While the main business of the complex was distilling a vast amount of grain whisky for Hiram Walker’s recently-acquired Ballantine’s blend, Inverleven played its part by producing Lowland single malt whisky to bolster the company’s stocks for blending and exchange. Hiram Walker already owned Glenburgie, which remains the Ballantine’s keystone malt, and bought the Miltonduff distillery around the same time as the Dumbarton complex was being constructed.

Hiram Walker were known for innovation at their distilleries, and the Dumbarton complex was no different, with Inverleven’s pot stills the first in the industry to both be fired by steam-heating instead of direct fire. In 1956, Scotland’s first Lomond still - a pot still with a column neck - was installed at Inverleven, rectifying low wines from Inverleven’s wash still. This was soon classed as a separate distillery, Lomond.

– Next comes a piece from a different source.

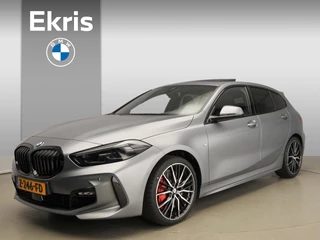 BMW 1 Serie 5-deurs 120i | M-Sportpakket | LED | Navigatie | Schuifdak | Keyles go | Stoelverwarming | DAB | Harman-kardon sound | Alu 19 inch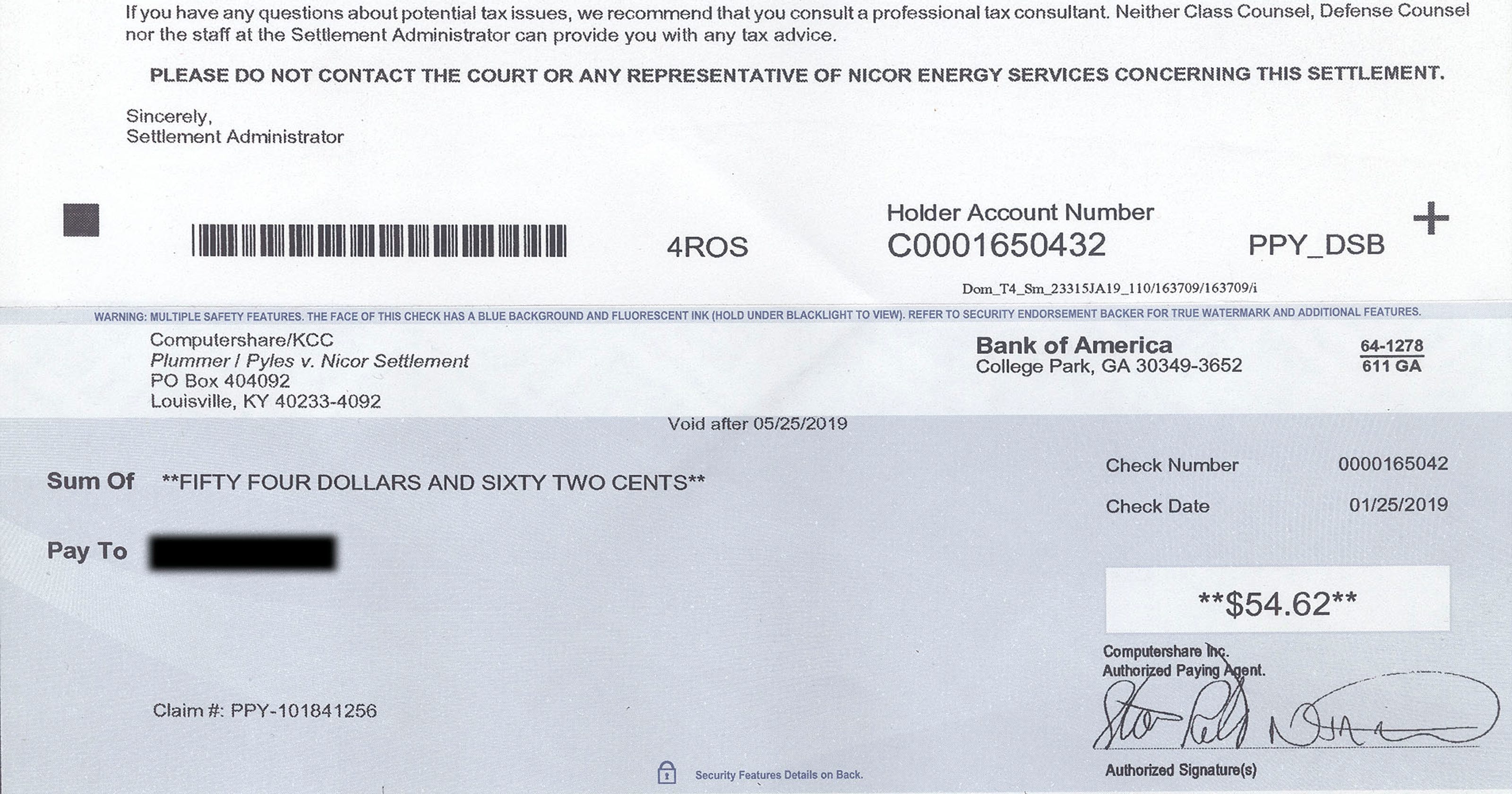 Some Vectren customers will receive lawsuit settlement checks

Inverleven’s Lomond still was decommissioned in 1985, with the pot stills falling silent in 1991 a few years after the distillery’s acquisition by Allied Lyons. In 2005, under new owners Chivas Brothers and with the majority of the Dumbarton complex already demolished, Inverleven’s stills were purchased by Bruichladdich. 

Bruichladdich christened the Lomond still Ugly Betty and repurposed it to make their Botanist gin. Inverleven’s wash still was set up outside the distillery gates as a tourist photo opportunity, while the spirit still was kept unused at the Lochindaal distillery site. Happily, both of the pot stills were transferred to former Bruichladdich owner Mark Reynier’s new distillery in Waterford in 2015 and recommissioned to produce Irish single malt whiskey.

No official bottlings of Inverleven’s Lowland single malt were done during the distillery’s active lifetime, although a couple of excellent retrospective editions of the 1973 vintage were released by Chivas Brothers in 2010-2011 as part of the Deoch an Doras range.

As is often the case with closed distilleries, the majority of Inverleven single malts released this century are from Gordon & MacPhail, although there were notable earlier bottlings from Cadenhead's and Duncan Taylor, and Signatory have contributed a few great cask strength bottlings in recent times. Sadly stock is now almost gone, with only a handful of Inverlevens appearing in the last decade.